[Collected material]

##############################

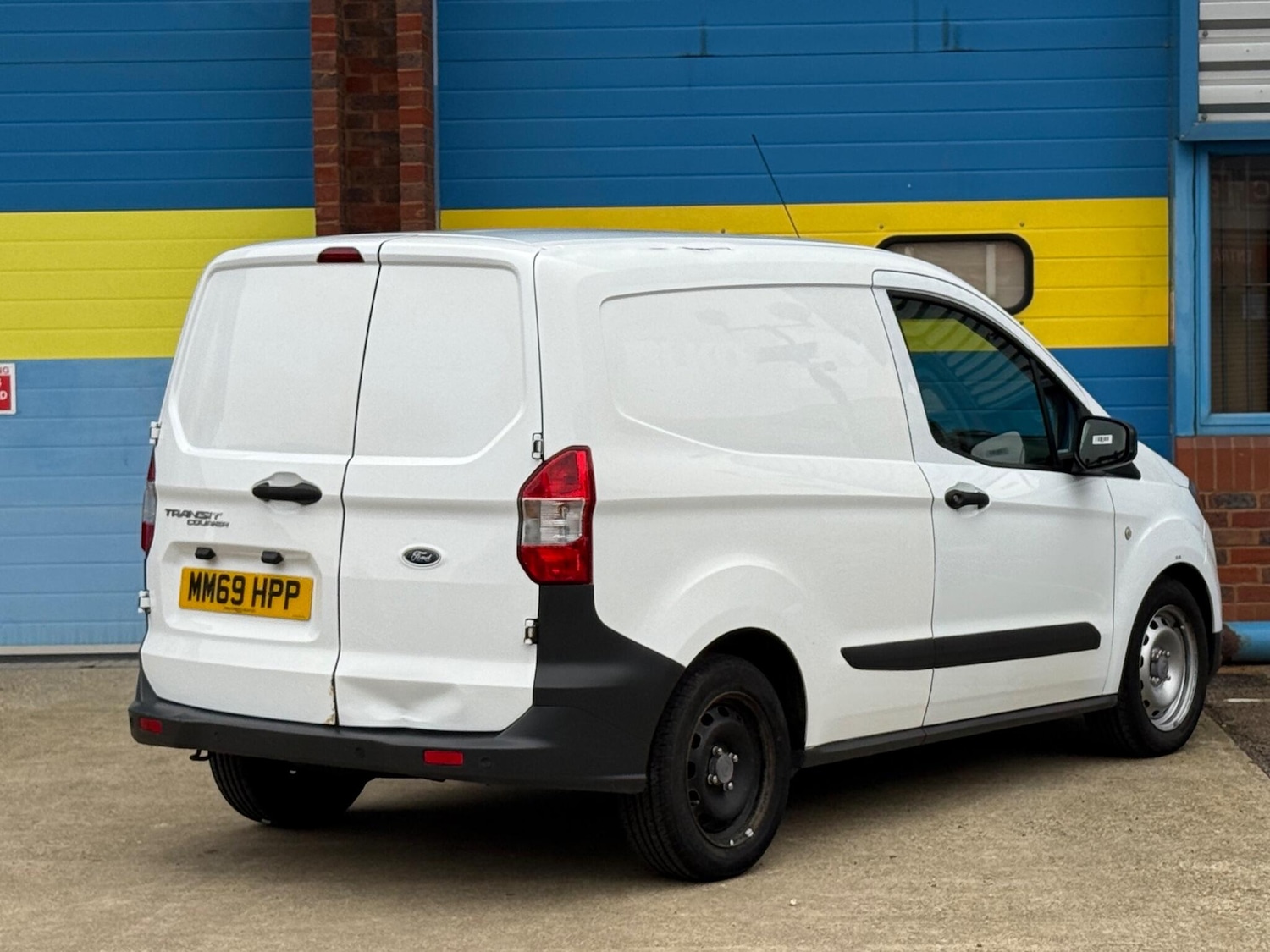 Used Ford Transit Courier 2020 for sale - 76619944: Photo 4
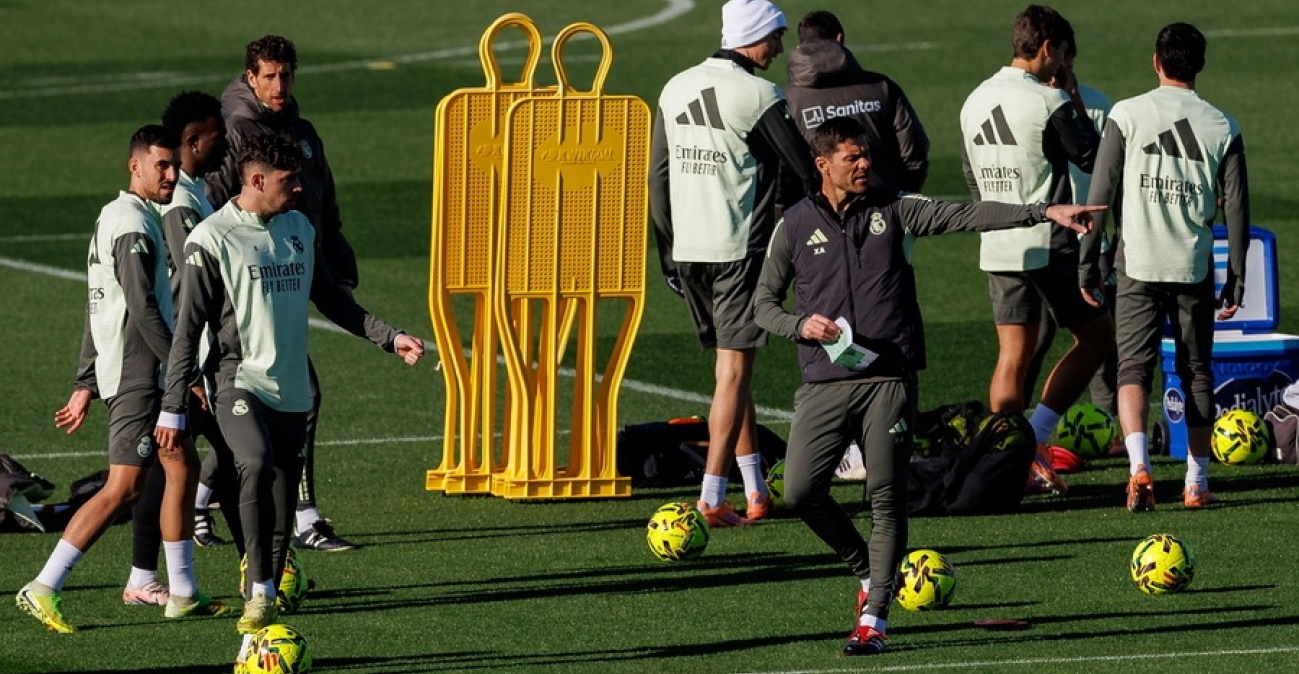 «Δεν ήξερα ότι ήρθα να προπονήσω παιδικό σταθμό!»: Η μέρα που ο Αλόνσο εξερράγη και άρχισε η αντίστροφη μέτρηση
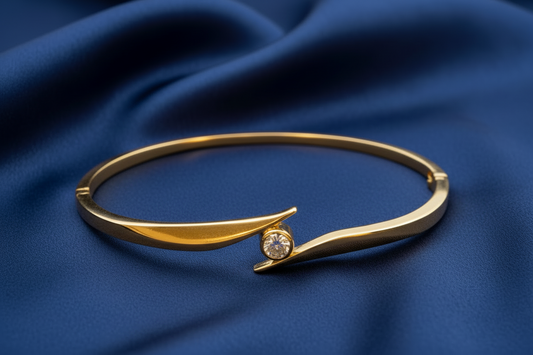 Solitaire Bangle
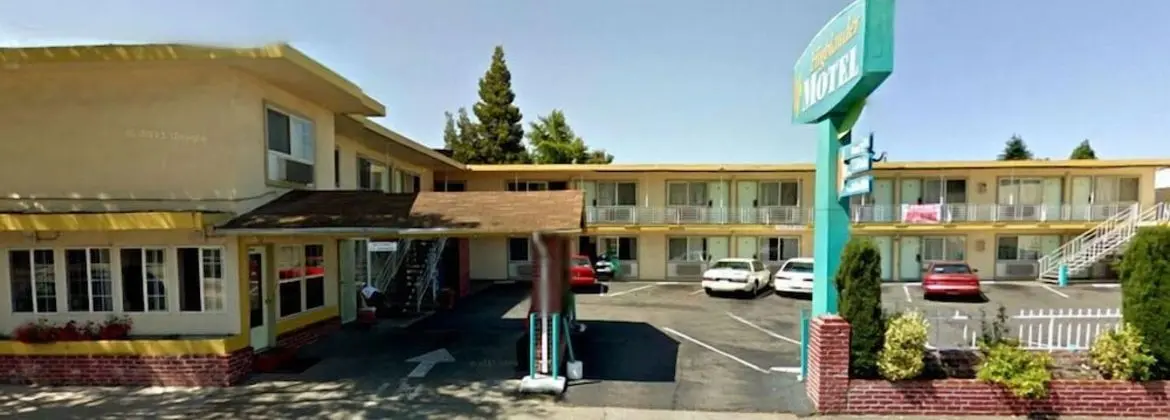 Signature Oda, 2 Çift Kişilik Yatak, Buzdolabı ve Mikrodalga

##############################

[Assignment]
Everything in the listing, except its images, should be set down exactly.

[Response to the task]
 Used Ford Transit Courier 2020 for sale - 76619944: Photo 4
 «Δεν ήξερα ότι ήρθα να προπονήσω παιδικό σταθμό!»: Η μέρα που ο Αλόνσο εξερράγη και άρχισε η αντίστροφη μέτρηση
 Solitaire Bangle
 Signature Oda, 2 Çift Kişilik Yatak, Buzdolabı ve Mikrodalga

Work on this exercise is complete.